> _AIM OF THE EXERCISE_: Write again exactly the lines in the listing below, starting at the line with "Pearl DIY Rose" and ending at the line with "Obraz premium Bird", both included. Pictures are not copied.

(THE RECORDS Opens)

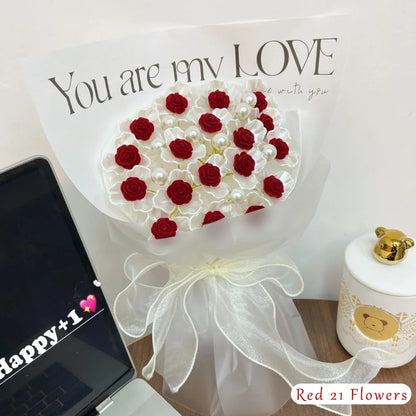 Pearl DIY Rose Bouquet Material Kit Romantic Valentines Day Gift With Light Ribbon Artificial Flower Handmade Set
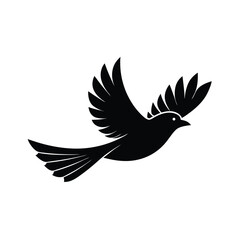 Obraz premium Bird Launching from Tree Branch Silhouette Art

(THE RECORDS Closes)
(THE RECORDS Opens)

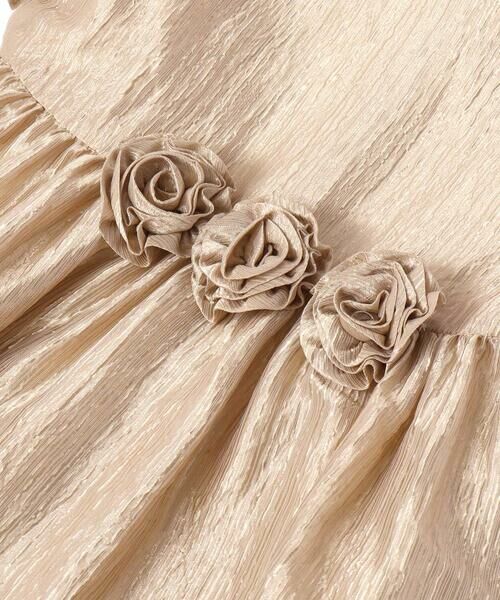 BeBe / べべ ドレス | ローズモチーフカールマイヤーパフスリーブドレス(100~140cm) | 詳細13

(THE RECORDS Closes)
(THE RECORDS Opens)

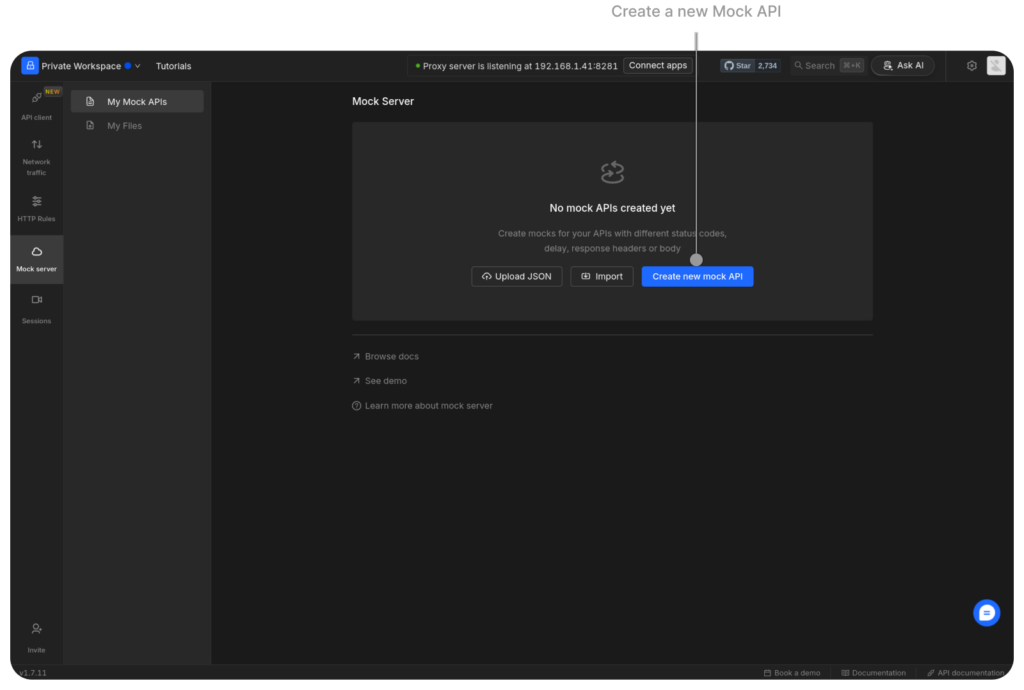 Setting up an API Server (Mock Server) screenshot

(THE RECORDS Closes)

> _ANSWER SECTION_:
 Pearl DIY Rose Bouquet Material Kit Romantic Valentines Day Gift With Light Ribbon Artificial Flower Handmade Set
 Obraz premium Bird Launching from Tree Branch Silhouette Art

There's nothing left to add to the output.